Prime Minister Modi, well-received in China as Gujarat’s chief minister when the West was boycotting him, admires China’s economic achievements. He is interested in leveraging its strength in infrastructure building and manufacturing, as well as its financial resources, to achieve his development goals for India.
Modi’s diplomatic gestures towards China on becoming prime minister included receiving the Chinese foreign minister before any other foreign dignitary, and having an long conversation with the Chinese premier thereafter.
He had broken the ice with Xi Jinping during the BRICS summit in Brazil.
Our vice-president went to China to celebrate the 60th anniversary of the Panchsheel Agreement, despite bitter Indian memories associated with this accord.Emulating Abe’s personal gestures to him during his Japan visit, he received Xi Jinping in Ahmedabad and gave him unprecedented personal attention in an informal setting, and that too on his birthday.
From China’s side, by sending his foreign minister to India with a message for Modi, Xi Jinping wanted to get ahead in the diplomatic race to engage the new Indian prime minister.
At the personal level, Xi’s decision to visit Ahmedabad and play the public relations game of a sympathetic Chinese leader in the setting Modi had prepared was intended to strike a chord with the Indian public.
To hype their president’s visit, the Chinese side spoke of investing $100 billion in India, surpassing the $33.5 billion figure Abe committed during Modi’s Japan visit.
Xi’s visit has been an opportunity missed to break fresh ground in India-China ties.
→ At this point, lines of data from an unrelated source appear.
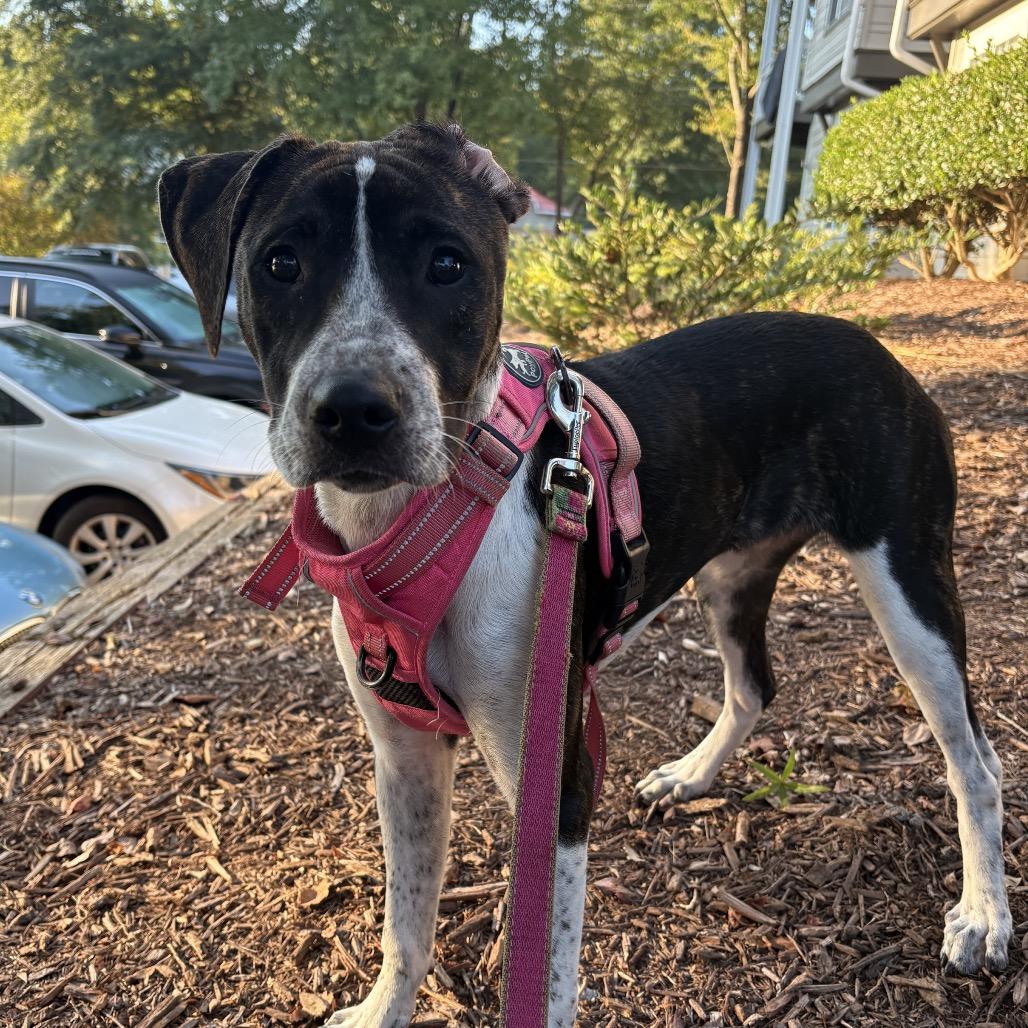 Enlarge Lucy, a Adoptable mixed breed in Aberdeen, NC image 2/6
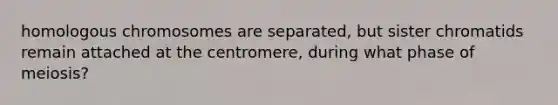 homologous chromosomes are separated, but sister chromatids remain attached at the centromere, during what phase of meiosis?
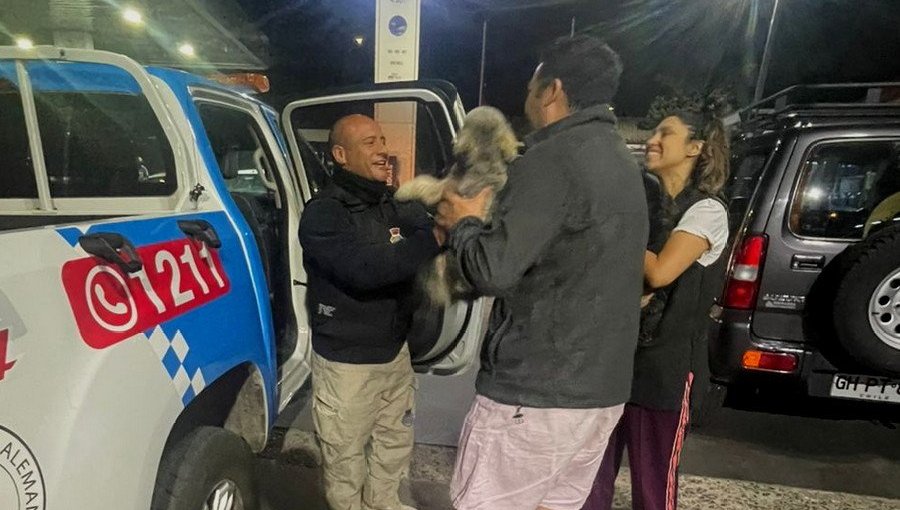 Recuperan perros que estaban siendo vendidos en plena vía pública de Villa Alemana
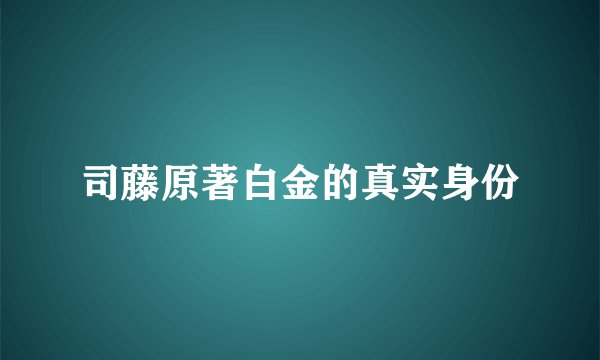 司藤原著白金的真实身份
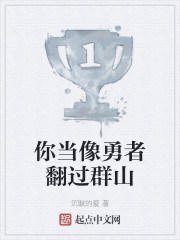 你当像勇者翻过群山封面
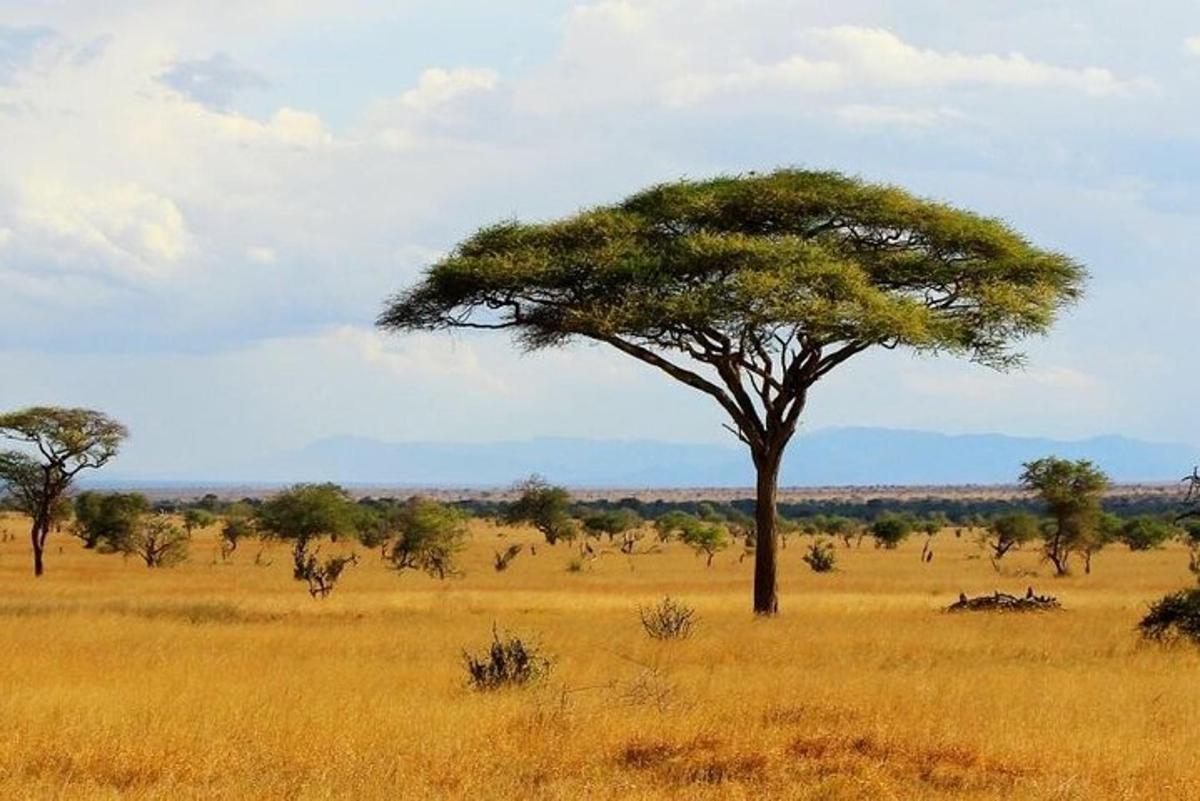 a acacia tree in the middle of a field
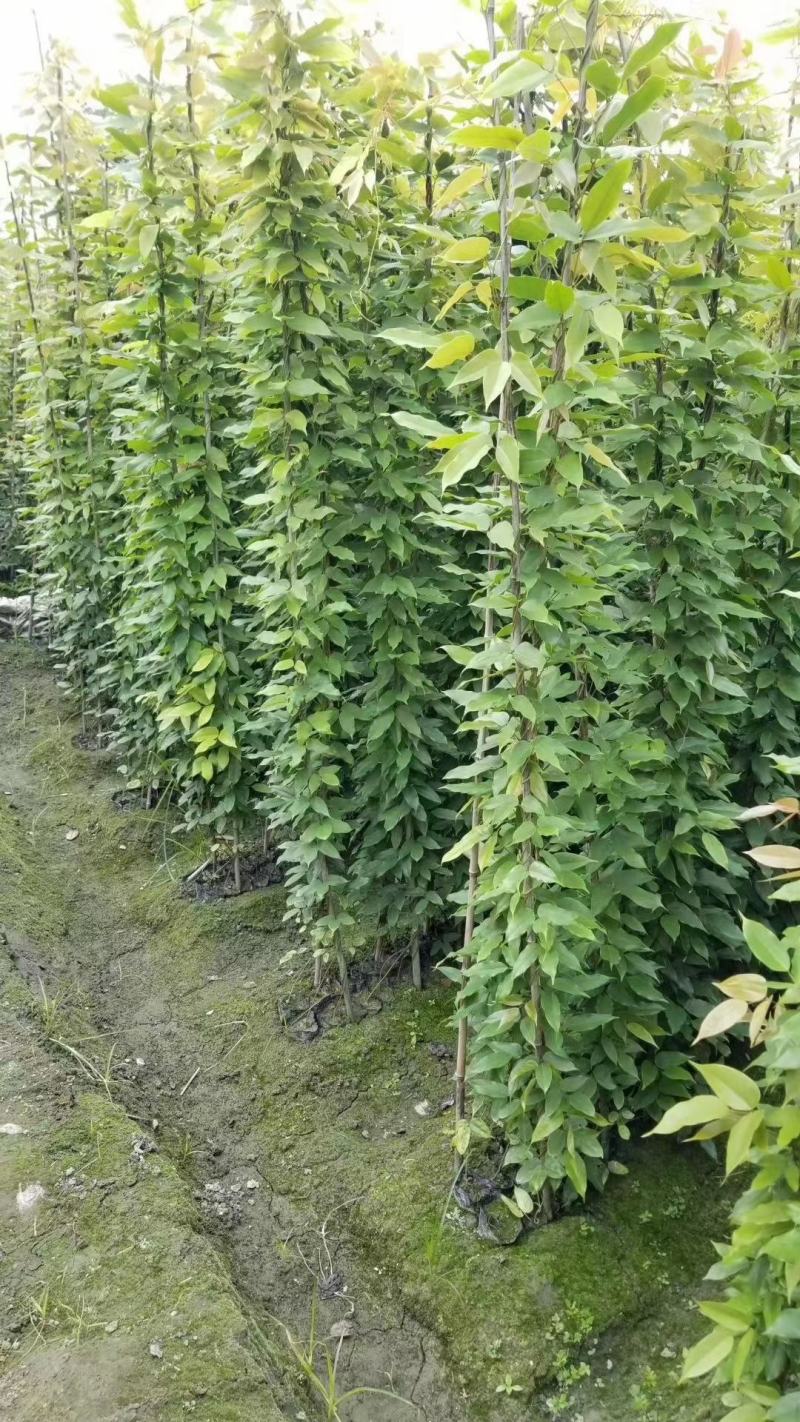 油麻藤低价批发产地直销品质有保证规格齐全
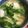 ちゃぎー's cooksnap of when they made つまみ菜と油揚げのお味噌汁.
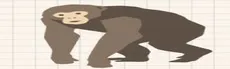 Gibbon runners hero image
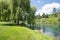 Weeping willow tree  Waikato River with view to native bush clad riverbank and hill on other side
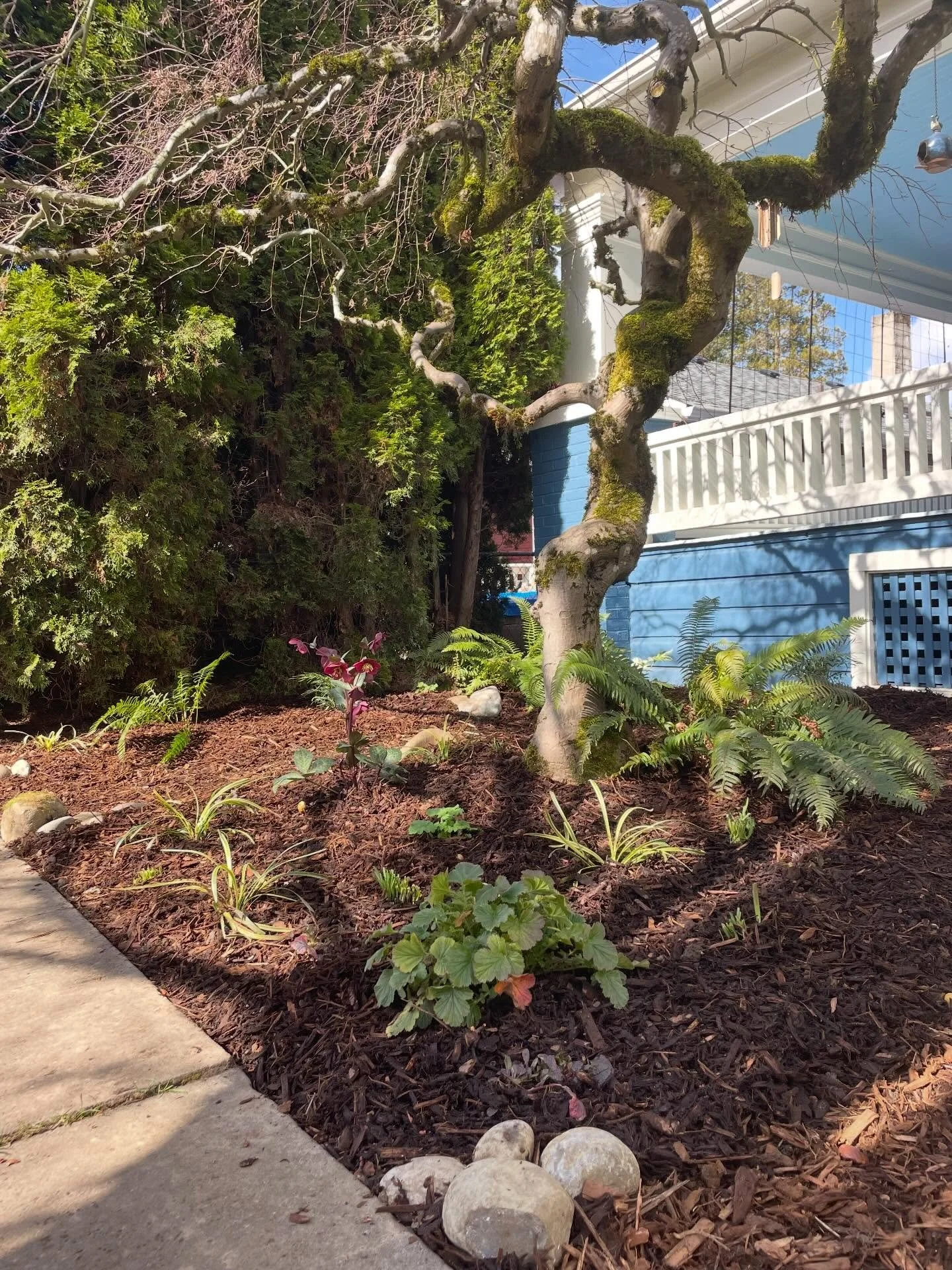 Fillin&rsquo; that schedule with odds and ends and this one came together with Kyle&rsquo;s help from @ninebark_design
&bull;
The theme? You guessed it. Rip it all out and leave it a beautifully prepped clean slate for her to do the plant magic. 
&bu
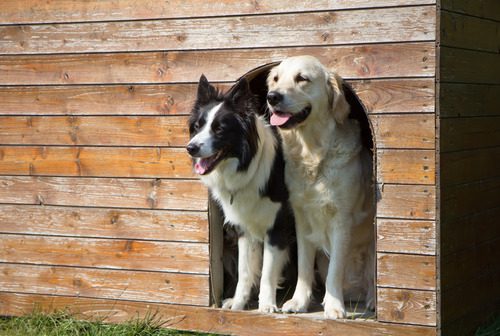 a-border-collie-dog-and-a-golden-retriever-dog-standing-in-a-doghouse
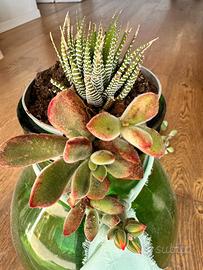 Albero di Giada e succulente – piante sane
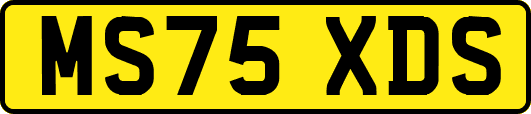 MS75XDS
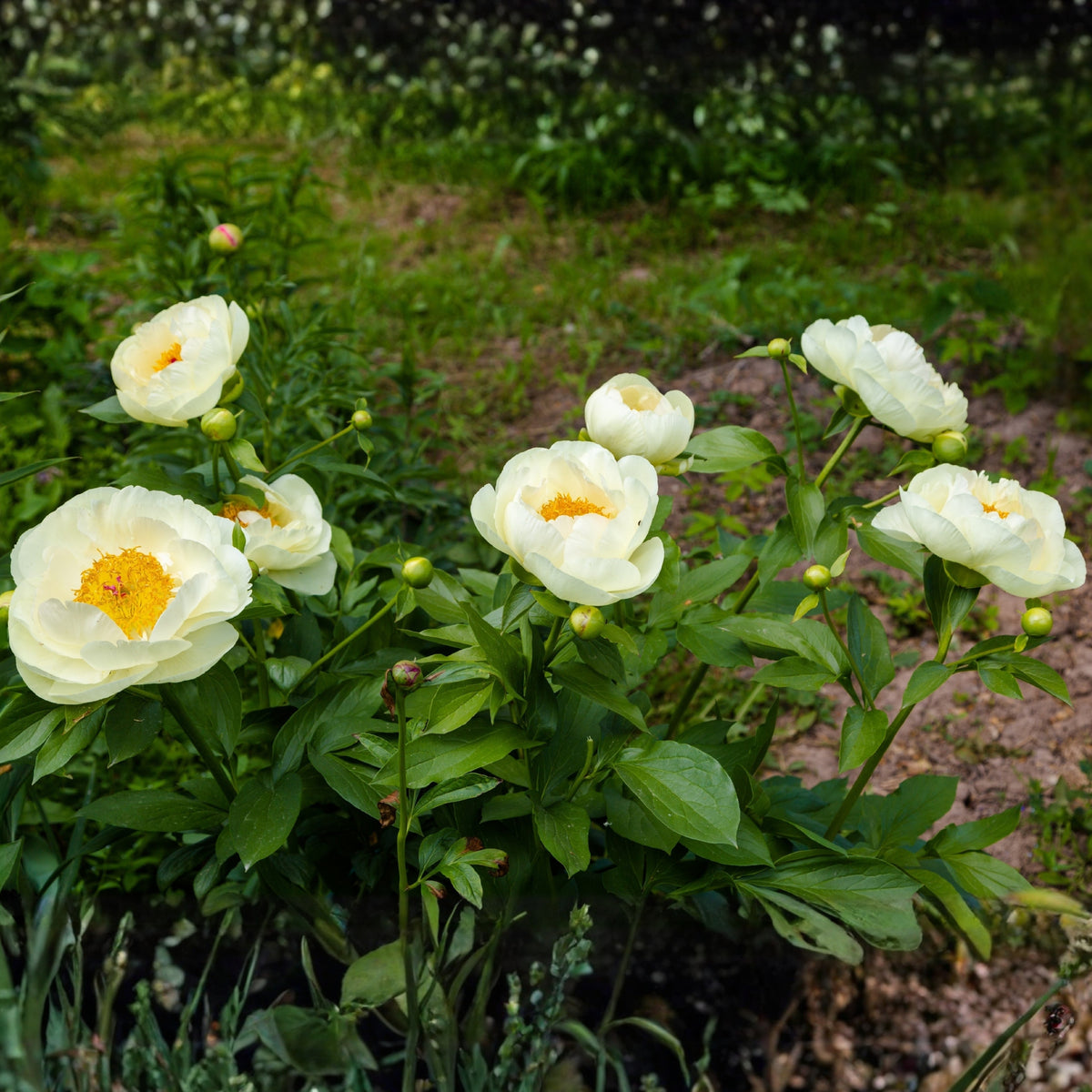 Lemon Chiffon Peony Seeds (Paeonia, Chinese Peony), 10+ seeds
Modi’s pragmatic approach towards China, driven by economics, has not been seized by China to give a new direction to bilateral ties.
The provocation in Ladakh has been damaging. By staging a provocation at the time of a high level visit, China plays a double game of reaching out to India, while applying pressure to remind India of its vulnerability and the likely cost of challenging China’s interests.
The incident in Chumar, which involves unprecedentedly high levels of troops on both sides, reflects China’s belief it can brow-beat India at any time.
A visit intended to bolster economic engagement went off course because the Ladakh incident brought security issues upfront and compelled Modi to raise the border issue with Xi Jinping.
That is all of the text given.